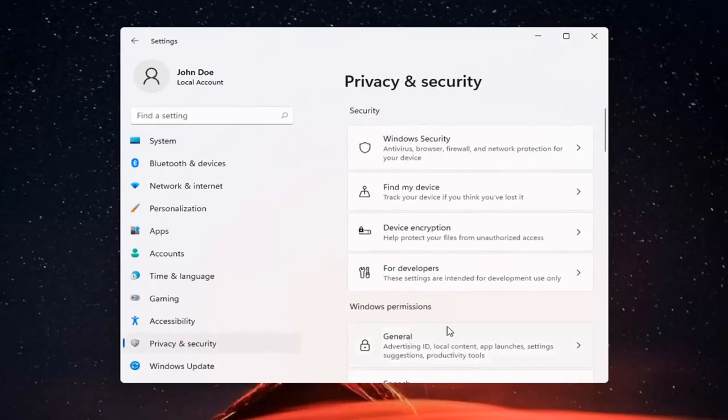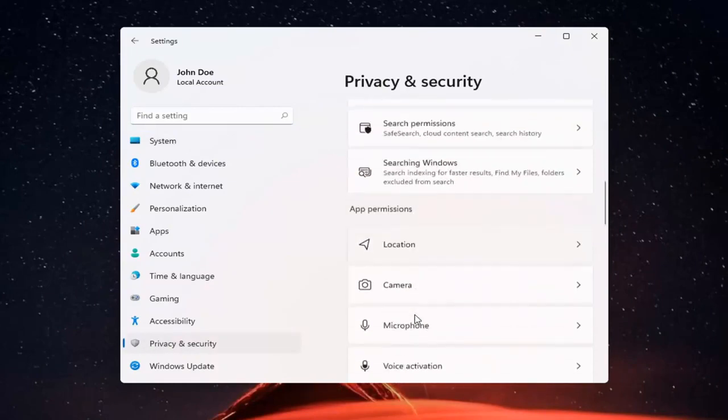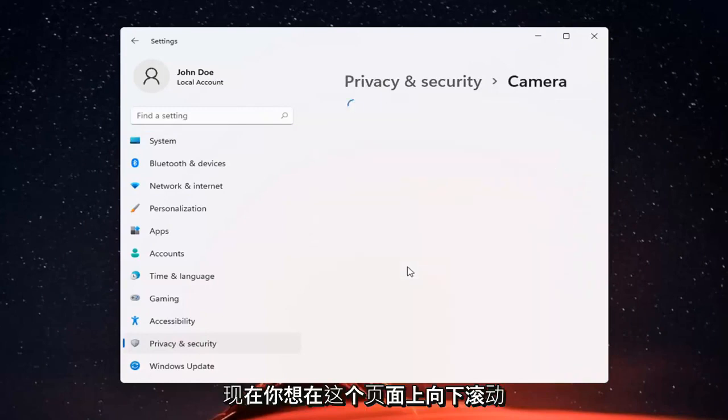And now on the right side, you want to locate camera and left click on that.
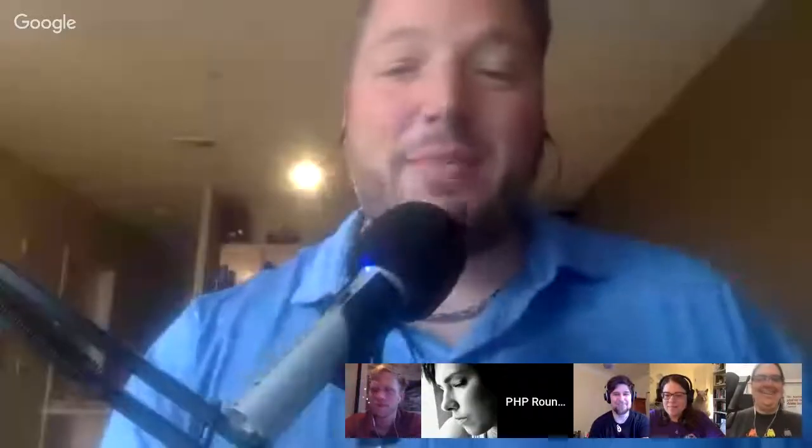Nick often speaks at tech conferences about accessibility, and he hosts the A11Y Rules Podcast. Welcome, Nick. Thanks for having me.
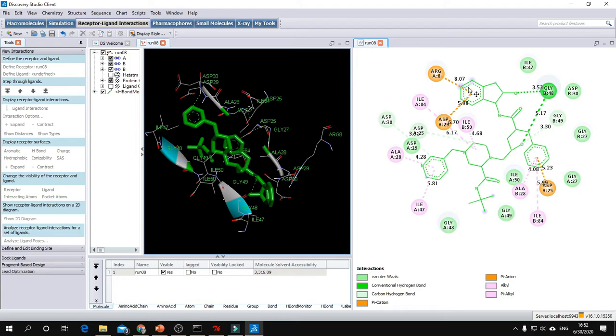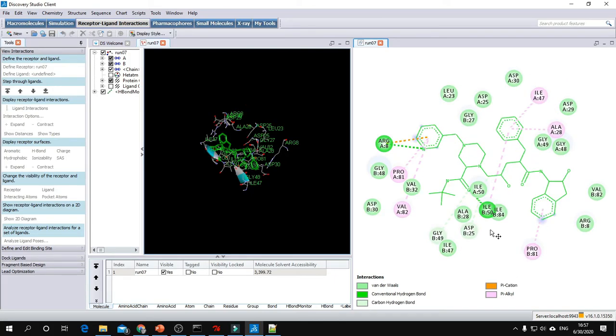This energy of -11 and these interactions are for the control molecule Indinavir, which has also formed two conventional hydrogen bonds and one pi-cation bond. The rest are pi bonds, van der Waals, and carbon-hydrogen bonds.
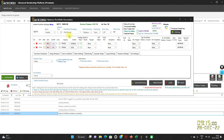Hey everyone, this is Mehadi. I hope you all are happily backtesting with Backtenzo. In this video, I'm going to talk about how you can set up a combined stop loss onto your portfolio on the basis of the Greek — more specifically, I'll be talking about the Delta Greek here.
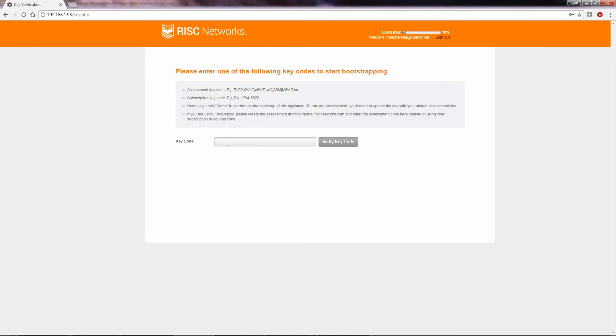Next, we will enter the bootstrap key for the RN150 virtual appliance found in RISC Network's portal. After entering the key, select Verify Keycode.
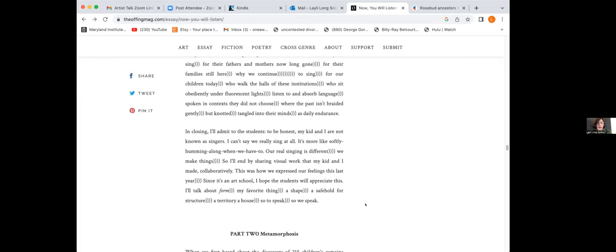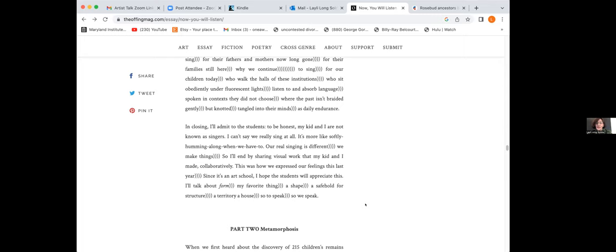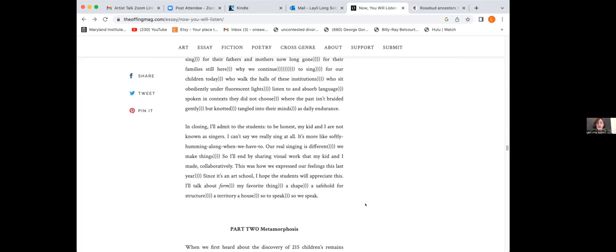Why our relatives dig and place them in their rightful graves with their own hands. Why we sing for their fathers and mothers now long gone, for their families still here. Why we continue to sing for our children today who walk the halls of these institutions, who sit obediently under fluorescent lights, listen to and absorb language spoken in contexts they did not choose, where the past isn't braided gently but knotted, tangled into their minds as daily endurance. In closing, I'll admit to the students: To be honest, my kid and I are not known as singers. I can't say we really sing at all. Our real singing is different. We make things. So I'll end by sharing visual work that my kid and I made collaboratively. This was how we expressed our feelings this last year.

◇ ◇ ◇ ◇

• [Goal of the exercise] Set down every record exactly, without the pictures.

• [The completed task]
And now on the right side, you want to locate camera and left click on that.
Nick often speaks at tech conferences about accessibility, and he hosts the A11Y Rules Podcast. Welcome, Nick. Thanks for having me.
This energy of -11 and these interactions are for the control molecule Indinavir, which has also formed two conventional hydrogen bonds and one pi-cation bond. The rest are pi bonds, van der Waals, and carbon-hydrogen bonds.
Hey everyone, this is Mehadi. I hope you all are happily backtesting with Backtenzo. In this video, I'm going to talk about how you can set up a combined stop loss onto your portfolio on the basis of the Greek — more specifically, I'll be talking about the Delta Greek here.
Next, we will enter the bootstrap key for the RN150 virtual appliance found in RISC Network's portal. After entering the key, select Verify Keycode.
Why our relatives dig and place them in their rightful graves with their own hands. Why we sing for their fathers and mothers now long gone, for their families still here. Why we continue to sing for our children today who walk the halls of these institutions, who sit obediently under fluorescent lights, listen to and absorb language spoken in contexts they did not choose, where the past isn't braided gently but knotted, tangled into their minds as daily endurance. In closing, I'll admit to the students: To be honest, my kid and I are not known as singers. I can't say we really sing at all. Our real singing is different. We make things. So I'll end by sharing visual work that my kid and I made collaboratively. This was how we expressed our feelings this last year.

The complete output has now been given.